Television: Technology and Cultural Form - Raymond Williams.

Image: scene from Fahrenheit 451 (1966). 

Opening by describing the universal and 'general social visibility' of television has generated elementary 'cause-and-effect identifications' of its effect as change agent on society. Instead of engaging the process of their production within the wider cultural scope, televised content is accused of inciting violence, encouraging sexual permissiveness and slip in general moral code. The other pejorative influences include 'political manipulation' and general 'cultural degradation.'

Viewing violence in this medium is identified has having a cathartic impact on the viewer. In the years since this was published it has been restricted and routinely pointed to as a cause of anti-social and disruptive behaviours. But, Williams, instead associates this with normal socialisation processes. The imperial west have used violence to colonise, divide, rule and regulate for centuries. 

The rule of the network lords (think: the maniacal Howard Beale in Lumet's Network), can be further rationalised against this construct; profit can be made from the programming that depicts violence. The methods of mass broadcasting across long distances and bands of viewers can be likened to the organisation of military and capitalist maneuvers. Television is produced centrally - in a studio - but then distributed across a network and 'beamed' into individual private settings. Politicians have been adaptive to new medium too; we think of the youth, pep and charisma of John F. Kennedy and his brother Bobby. It is the arena in which debate is conducted with television interviewers have become famous too.

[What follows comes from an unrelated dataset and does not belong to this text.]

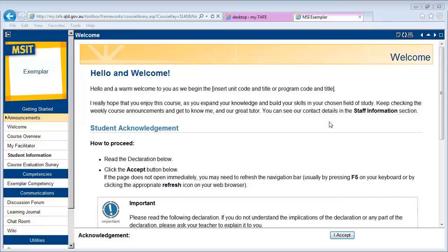This video will explain the layout to help you better understand my.tafe. Once you've entered your course from the my.tafe desktop, you'll be greeted with a welcome page.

To examine its further prominence and usage outside of the military and political schema we need to explore the core concepts of cultural science which include: 'understanding, value-judgement, the involvement of the investigator' and explains the emphasis of the effects of a medium or process. Williams explains how the emphasis on the effects of this medium and casual influence on 'socialisation' and 'social function' is contingent on unpacking the concept of 'mass' and on the empirical approach of the social sciences; measuring experience and reliance on evidence. He describes what is a an 'assumptive' use (effects) that avoids the true sociology of communications. The financing of researching into the field has been made by those with a vested interest - those conducting market research, advertising agencies, etc. The other focus, concerning the social impacts, has been mounted by 'social interest groups' and 'political and cultural authorities'. 

Tracing the origins of this form of mass communication is employed in opposition to McLuhan's concept of 'the global village'. McLuhan focussed on the specificity of the media and the differences on quality between speech, print, radio and television. With the widespread access to the printed word - especially the reading of the bible - and encouragement of literacy in the west and later deployed as the colonial efforts in global east and south came the unevenly distributed power dynamics of the educational system. Watching television deconstructs these power relations as being a viewer does not require a level of comprehension thus dismantling the power of the teacher, and the priest.

McLuhan de-socialises the respectives medias which Williams instead pinpoints as facilitating connectivity. With the dispersal of people, atomised due to industrialisation, the unitary nature of the television can possess the function of the town hall meeting or community gathering; if we can communicate with friends and family in an intimate group setting, we can watch television with  unmediated access. We are also offered the set with tuner or remote and have the option to turn it on or off at our choosing; it is an alternative to the typical social communications, but not a complete departure. 

Williams' essentially lays out how the continual development of technology related to broadcasting will soon establish an international network of 'competing and conflicting distribution methods'; something that has been the realised in the internet.